Anvisa aprova medicamentos inéditos para o câncer no Brasil

Produtos chegarão ao mercado de acordo com a programação de cada fabricante

A Agência Nacional de Vigilância Sanitária (Anvisa) aprovou quatro novos medicamentos para o câncer no Brasil. A lenalidomida, o durvalumabe, o olaratumabe e o netupitanto associado com a palonosetrona são medicamentos inéditos no país e ampliam as variedades para o tratamento de diferentes tipos de câncer. A Anvisa informa que os produtos chegarão ao mercado de acordo com a programação de cada fabricante.

Os medicamentos, aprovados no final do ano de 2017, trazem muitos benefícios para os pacientes oncológicos. Um dos produtos, o netupitanto em associação com a palonosetrona, por exemplo, está aprovado para prevenção de náuseas e vômitos, um dos efeitos colaterais mais temidos pelos pacientes.  “Todos esses medicamentos com suas indicações específicas trarão muitos benefícios aos pacientes em tratamento. Um medicamento novo para controle de um efeito colateral como náuseas traz significativos resultados na resposta ao tratamento”, destaca a farmacêutica do Centro de Tratamento do Câncer (CTCAN), Michelli Schaefer.

A ampliação de opções de tratamento contribui cada vez mais para atender as necessidades individualizadas do paciente. “Na oncologia, os medicamentos biológicos têm ganhado um espaço cada vez maior e demostrando resultados consistentes nos tratamentos, ampliando o leque de escolha mais adequada para cada paciente individualmente”, ressalta Michelli.

A farmacêutica observa que a chegada desses medicamentos no mercado dependerá do calendário dos laboratórios. “Acredito que, com a aprovação da Anvisa, logo teremos disponível esses medicamentos para utilização”, comenta a farmacêutica.

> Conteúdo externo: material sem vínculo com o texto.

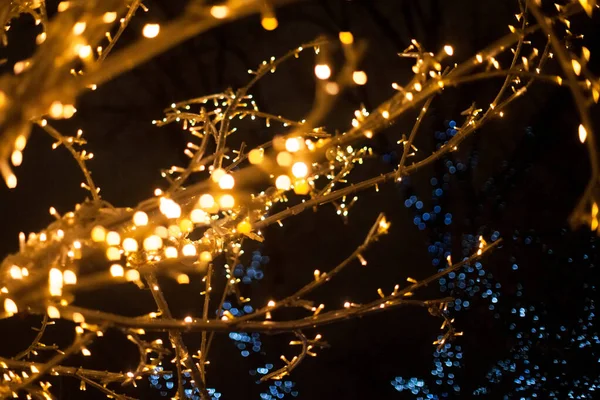 Geceleyin çok renkli ışıklarla Noel ağacının ışıkları — Stok fotoğraf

Confira os novos tratamentos aprovados pela Anvisa:

Durvalumabe
Foi aprovado para o tratamento em segunda linha do carcinoma urotelial para doença localmente avançada ou metastática com progressão durante ou após o tratamento com platina. É um anticorpo monoclonal contra o receptor PD-L1. A inibição do PD-L1 no tumor e estroma tumoral aumenta a eficácia do ataque imunológico dos linfócitos T contra as células neoplásicas. “Essa aprovação pela Anvisa amplia as opções em tratamento deste tipo de câncer em segunda linha e naqueles pacientes que não toleram a quimioterapias”, observa a farmacêutica do CTCAN.

Olaratumabe 
Em associação com a doxorrubicina, o olaratumabe tem indicação para tratamento de sarcoma de partes moles. É um anticorpo monoclonal que reconhece e liga-se especificamente à proteína PDGFR-a (receptor-a do fator de crescimento derivado das plaquetas). Essa proteína estimula o crescimento e divisão celular. A inibição do PDGFR-a pelo olaratumabe resultou em aumento da sobrevida global quando comparado à doxorrubicina em monoterapia. “É uma boa opção de tratamento para pacientes que não podem fazer radioterapia ou realizar procedimento cirúrgico”, destaca Michelli.

Lenalidomida
Em combinação com dexametasona, a lenalidomida é indicada para paciente com mieloma múltiplo refratário ou recidivado que já tenham recebido pelo menos um tratamento anterior. Também tem indicação para pacientes com anemia dependente de transfusões decorrentes de síndrome mielodisplasica. “A Anvisa definiu algumas regras para o controle especial do medicamento, pois pode causar malformação congênita grave. O tratamento foi regulamentado como produto controlado”, pontua a farmacêutica.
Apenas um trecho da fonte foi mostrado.